TASK INSTRUCTIONS: Beginning with the line that holds "Business 2024) 186999" and ending with the last line below, please copy every line exactly, add nothing, and leave out the pictures.

*** Opening of MATERIAL PROVIDED ***

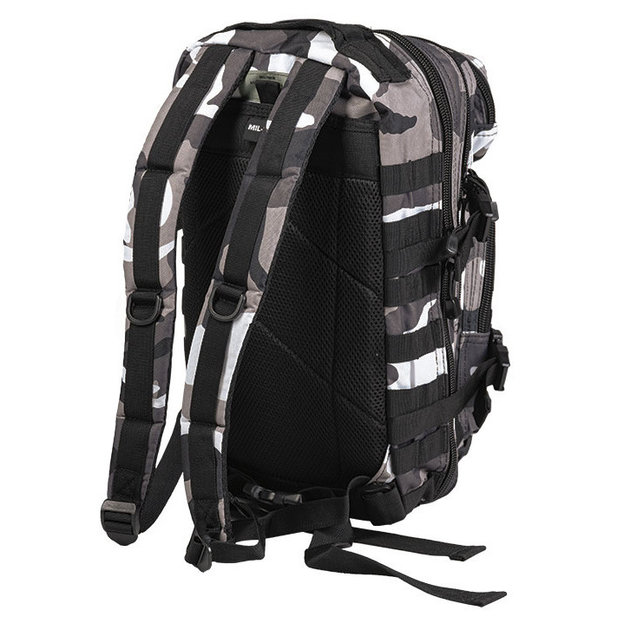 Рюкзак тактичний Mil-Tec Small Assault Pack 20 L Urban 14002022 - зображення 2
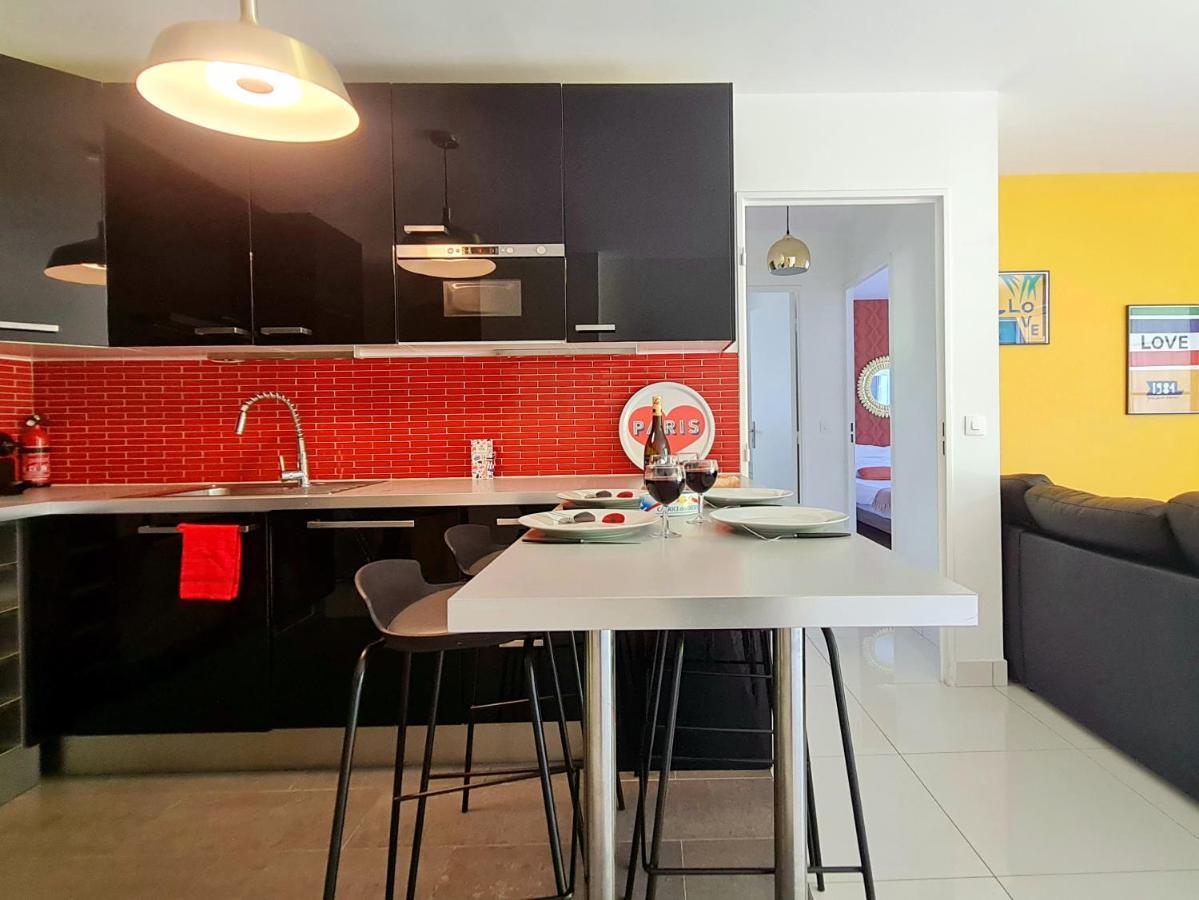 Happy Stay Disney Two - Apartment With Garden & Parking モンテヴラン エクステリア 写真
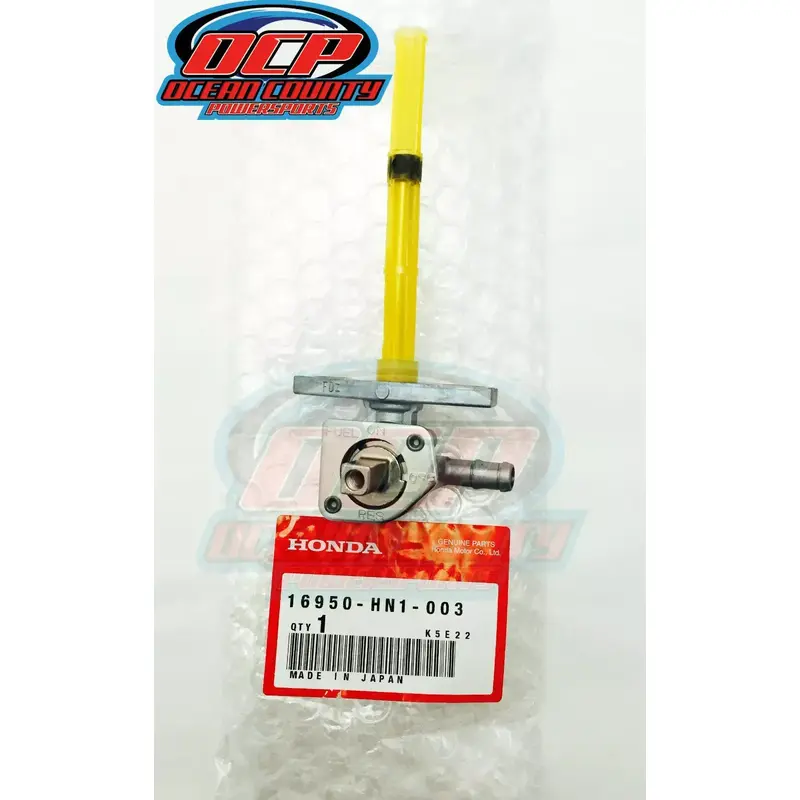 Honda Fuel Gas Valve Petcock New Genuine 1999-2014 TRX400 EX TRX400 X Sportrax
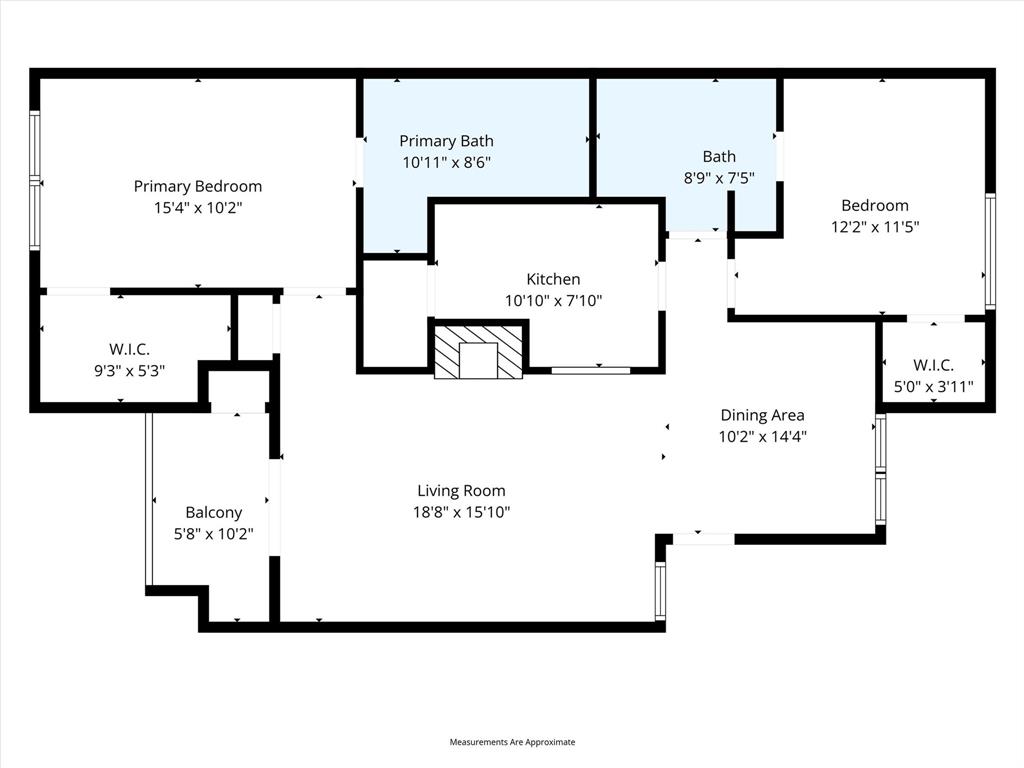 3550 Country Square Drive 111 Property Photo 26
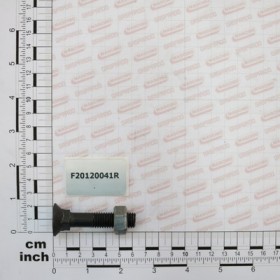 SCREW M12X60
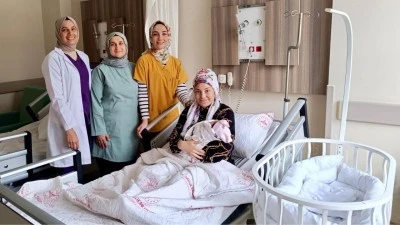 RİSKLİ GEBELİĞE HAYAT KURTARAN MÜDAHALE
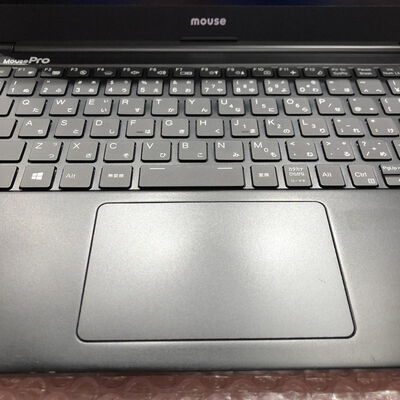 【宮崎恒久店】中古  Mouse Mpro-NB420HW11 (Intel Core i5 1135G7 2.4GHz/16GB/SSD256GB/-/オンボード/14/1920x1080/Wi-Fi/WEBCAM/W11P/Microsoft Office Home and Business 2024) 186999 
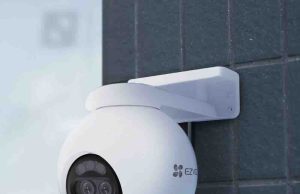 Se lanza la EZVIZ H80X Dual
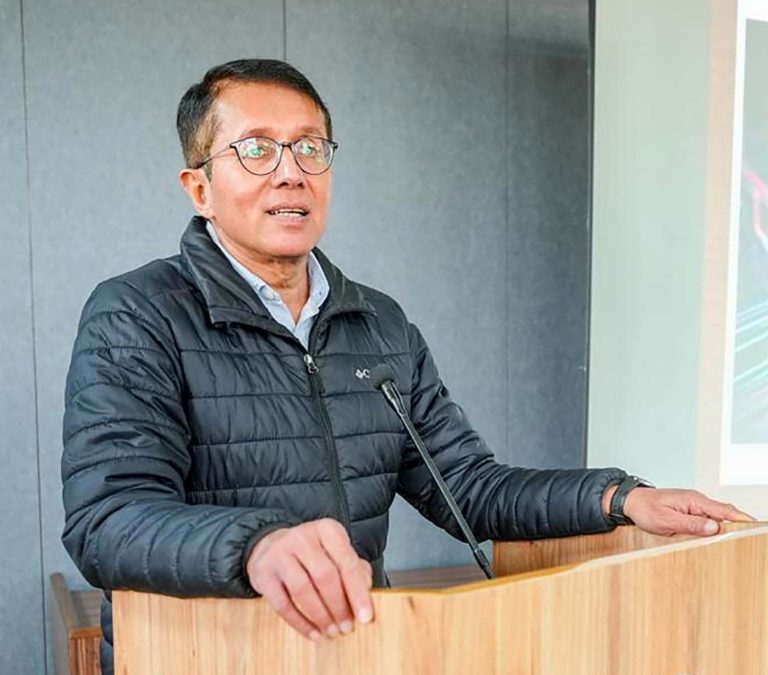 AI Training for officials begins at Graphic Era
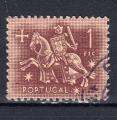 PORTUGAL 1953 - Chevalier - Yvert 779 Oblitr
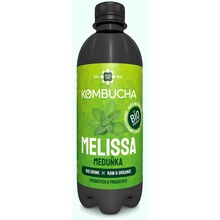 Long Life Biotea Bio Kombucha medovka 0,5 l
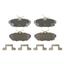 Disc Brake Pad Set WB QC1465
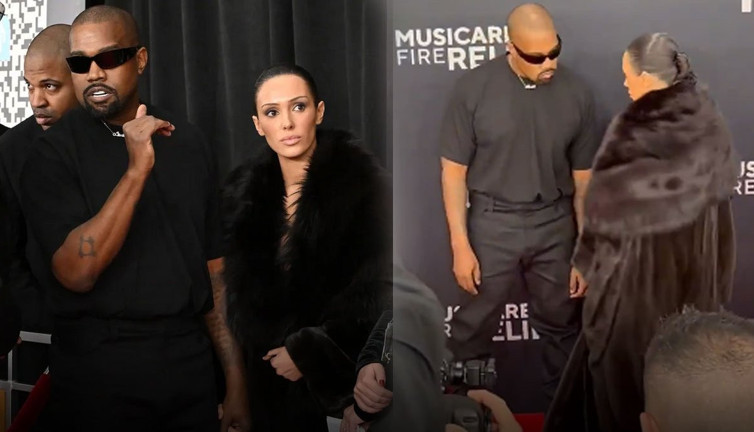 Kırmızı halıdan kovuldular... Grammy'de büyük skandal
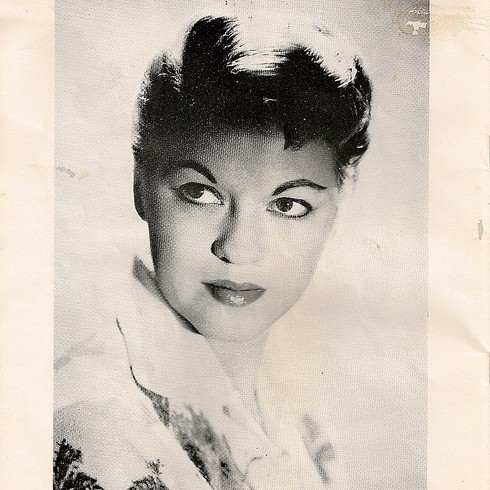 Jeri Southern Profile Picture Photo of Jeri Southern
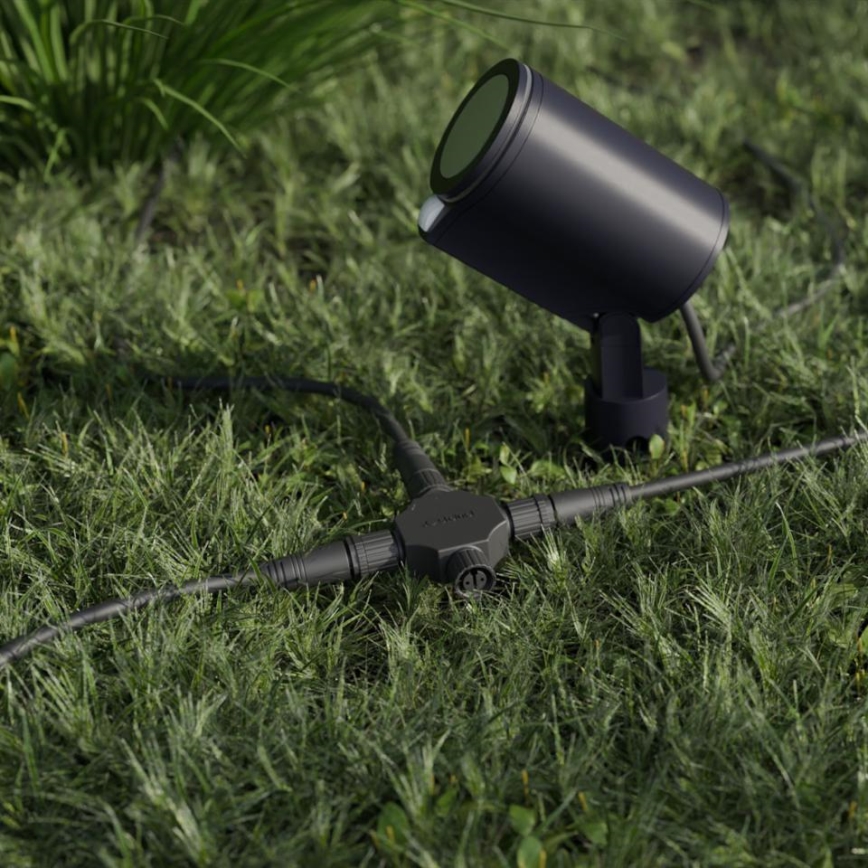 Steinel 089313 - Cross connector 24V IP67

*** Close of MATERIAL PROVIDED ***

EXERCISE SOLUTION:
 【宮崎恒久店】中古  Mouse Mpro-NB420HW11 (Intel Core i5 1135G7 2.4GHz/16GB/SSD256GB/-/オンボード/14/1920x1080/Wi-Fi/WEBCAM/W11P/Microsoft Office Home and Business 2024) 186999 
 Se lanza la EZVIZ H80X Dual
 AI Training for officials begins at Graphic Era
 PORTUGAL 1953 - Chevalier - Yvert 779 Oblitr
 Long Life Biotea Bio Kombucha medovka 0,5 l
 Disc Brake Pad Set WB QC1465
 Kırmızı halıdan kovuldular... Grammy'de büyük skandal
 Jeri Southern Profile Picture Photo of Jeri Southern
 Steinel 089313 - Cross connector 24V IP67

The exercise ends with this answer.